My wife and I may be interested as Wed is usually our eat- out night......plus a chance for us newcomers to meet some people. Hope we're not too old for you......


----------



## Jynxgirl (Nov 27, 2009)

Is this the place in the mall that give you the little things, a bunch of them?


----------



## pamela0810 (Apr 5, 2010)

Roadworrier said:


> My wife and I may be interested as Wed is usually our eat- out night......plus a chance for us newcomers to meet some people. Hope we're not too old for you......


Any and all ages welcome!


----------



## MaidenScotland (Jun 6, 2009)

Do you have a little Expatforum.com welcome flag on the table?


----------



## Jynxgirl (Nov 27, 2009)

Tell Bob we need those... I bet B.E. has flags


----------



## pamela0810 (Apr 5, 2010)

@ Jynxy: Yes, that's the place. You joining us?

@Maiden: We will have one of those flags if you join us for dinner  I second Jynxy's suggestion to tell Bob about this.  Hope he's reading


----------



## MaidenScotland (Jun 6, 2009)

I will pass the suggestion on.. maybe he could design one that you could print out.


----------



## MaidenScotland (Jun 6, 2009)

pamela0810 said:


> @ Jynxy: Yes, that's the place. You joining us?
> 
> @Maiden: We will have one of those flags if you join us for dinner  I second Jynxy's suggestion to tell Bob about this.  Hope he's reading




Would love to come.. we have more protest this Friday.


----------



## MaidenScotland (Jun 6, 2009)

Bob is going to try and do a welcome Flag for you to print out,


----------



## pamela0810 (Apr 5, 2010)

Thanks Maiden and Thanks Bob


----------



## Jynxgirl (Nov 27, 2009)

I thought that was the place we had went to...  Nope, not getting dragged there ever again. 

Enjoy everyone.


----------



## Jynxgirl (Nov 27, 2009)

Be safe Ms Maiden. You might want to join the tv/book thread on things to do whilst you twiddle your thumbs in your apartment staying safe out the mess.


----------



## MaidenScotland (Jun 6, 2009)

Jynxgirl said:


> Be safe Ms Maiden. You might want to join the tv/book thread on things to do whilst you twiddle your thumbs in your apartment staying safe out the mess.

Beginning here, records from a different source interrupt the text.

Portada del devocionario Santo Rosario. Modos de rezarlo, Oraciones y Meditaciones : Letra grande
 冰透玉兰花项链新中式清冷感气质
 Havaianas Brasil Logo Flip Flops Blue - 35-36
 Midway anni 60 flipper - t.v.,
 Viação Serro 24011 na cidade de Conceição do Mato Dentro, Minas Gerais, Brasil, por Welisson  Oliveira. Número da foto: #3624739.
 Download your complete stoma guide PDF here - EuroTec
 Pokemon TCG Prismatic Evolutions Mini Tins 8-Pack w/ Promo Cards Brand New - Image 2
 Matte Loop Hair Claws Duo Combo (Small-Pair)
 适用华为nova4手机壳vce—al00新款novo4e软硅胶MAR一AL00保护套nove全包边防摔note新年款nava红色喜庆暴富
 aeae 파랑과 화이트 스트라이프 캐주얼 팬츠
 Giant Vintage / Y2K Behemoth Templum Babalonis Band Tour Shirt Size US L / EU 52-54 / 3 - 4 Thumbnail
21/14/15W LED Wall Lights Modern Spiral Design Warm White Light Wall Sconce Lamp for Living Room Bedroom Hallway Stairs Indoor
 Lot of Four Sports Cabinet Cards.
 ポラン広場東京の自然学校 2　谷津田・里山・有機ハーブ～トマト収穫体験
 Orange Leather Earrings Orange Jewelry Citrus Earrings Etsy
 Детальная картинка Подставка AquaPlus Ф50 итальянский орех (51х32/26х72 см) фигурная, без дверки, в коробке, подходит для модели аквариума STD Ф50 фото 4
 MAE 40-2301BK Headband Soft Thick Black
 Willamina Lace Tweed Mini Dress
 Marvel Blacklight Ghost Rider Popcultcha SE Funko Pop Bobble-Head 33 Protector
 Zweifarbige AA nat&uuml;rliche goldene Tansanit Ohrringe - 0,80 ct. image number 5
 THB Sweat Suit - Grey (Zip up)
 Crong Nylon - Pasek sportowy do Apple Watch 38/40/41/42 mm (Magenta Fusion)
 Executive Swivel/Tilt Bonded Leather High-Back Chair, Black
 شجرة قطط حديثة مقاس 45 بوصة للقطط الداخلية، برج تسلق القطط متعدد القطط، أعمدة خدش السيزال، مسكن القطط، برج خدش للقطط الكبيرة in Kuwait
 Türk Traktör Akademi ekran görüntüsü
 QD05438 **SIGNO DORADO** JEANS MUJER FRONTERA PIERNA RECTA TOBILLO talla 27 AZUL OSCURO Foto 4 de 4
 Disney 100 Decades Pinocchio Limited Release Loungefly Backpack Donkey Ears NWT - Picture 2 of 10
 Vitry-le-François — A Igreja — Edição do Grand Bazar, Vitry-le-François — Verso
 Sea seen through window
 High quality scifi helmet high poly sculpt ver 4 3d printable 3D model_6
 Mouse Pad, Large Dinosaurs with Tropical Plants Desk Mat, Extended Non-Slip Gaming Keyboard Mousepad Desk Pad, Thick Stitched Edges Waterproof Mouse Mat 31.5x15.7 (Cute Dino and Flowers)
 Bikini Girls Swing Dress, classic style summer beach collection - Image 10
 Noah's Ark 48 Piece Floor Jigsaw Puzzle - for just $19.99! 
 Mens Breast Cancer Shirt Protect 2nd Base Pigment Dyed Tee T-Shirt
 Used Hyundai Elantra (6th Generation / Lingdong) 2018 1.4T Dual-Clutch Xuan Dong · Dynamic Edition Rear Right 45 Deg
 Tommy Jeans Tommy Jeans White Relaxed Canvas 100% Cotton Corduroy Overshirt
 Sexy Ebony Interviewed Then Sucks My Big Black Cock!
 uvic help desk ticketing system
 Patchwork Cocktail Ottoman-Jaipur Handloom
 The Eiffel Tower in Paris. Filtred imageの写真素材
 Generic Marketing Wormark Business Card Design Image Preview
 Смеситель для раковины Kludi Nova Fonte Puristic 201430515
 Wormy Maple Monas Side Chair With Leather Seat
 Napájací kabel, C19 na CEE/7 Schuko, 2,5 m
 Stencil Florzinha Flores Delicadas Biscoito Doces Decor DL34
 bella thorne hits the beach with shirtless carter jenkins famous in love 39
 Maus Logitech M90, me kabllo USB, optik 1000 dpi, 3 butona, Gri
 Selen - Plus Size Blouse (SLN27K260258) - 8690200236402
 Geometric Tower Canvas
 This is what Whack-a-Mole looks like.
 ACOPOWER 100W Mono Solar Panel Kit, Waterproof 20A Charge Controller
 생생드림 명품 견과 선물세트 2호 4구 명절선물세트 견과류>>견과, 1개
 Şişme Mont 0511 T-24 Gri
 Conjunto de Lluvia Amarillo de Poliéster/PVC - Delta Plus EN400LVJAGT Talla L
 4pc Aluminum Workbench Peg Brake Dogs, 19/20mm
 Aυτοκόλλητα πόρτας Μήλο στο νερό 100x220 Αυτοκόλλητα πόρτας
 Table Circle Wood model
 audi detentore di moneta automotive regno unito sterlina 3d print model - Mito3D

Lol I twiddle daily, its the norm for me but thanks for the suggestion


----------



## ipshi (Jul 23, 2010)

I'll book a table in my name & yes Jynx -- it is the place in the mall that gives u 4 dimsum per serving. Its one of my favoritest places to eat in dubai.


----------



## Guest (Oct 18, 2012)

have parents evening that day in work


----------



## pamela0810 (Apr 5, 2010)

Ipshi, book it outside, the weather will be nice 

Trilogy, sorry you can't join us. Maybe next time.


----------



## ipshi (Jul 23, 2010)

will book it a little closer to the day... when I know numbers... will try and scare up a few people more.


----------



## 5herry (Jun 25, 2011)

ooohhh - so tempted but I fly in the early hours of the morning!

Can I eat, get back from DM, pick up suitcases and get to airport for 11? Think I'll have to give this one a miss guys...sorry xxx


----------



## ibkiss (Feb 1, 2012)

pamela0810 said:


> Great! Please don't bring your machine gun as the metal detectors at the mall might go off!


You better carry a signboard that says : Nickelback tickets wanted ... !


----------



## IQ2012 (Feb 14, 2012)

*Bargain*



ipshi said:


> will book it a little closer to the day... when I know numbers... will try and scare up a few people more.


Have checked the Entertainer Book and Ping Pong is listed so will bring the vouchers


----------



## ipshi (Jul 23, 2010)

my ping pong vouchers were the first to get over


----------



## pamela0810 (Apr 5, 2010)

Anyone else joining in?


----------



## Razi (Jun 22, 2012)

pamela0810 said:


> Anyone else joining in?


Yup... me!


----------



## saraswat (Apr 28, 2012)

Count me in ..


----------



## pamela0810 (Apr 5, 2010)

Ipshi looks like we've got a good group going. Will you make the reservation for about 8 people?  Thanks!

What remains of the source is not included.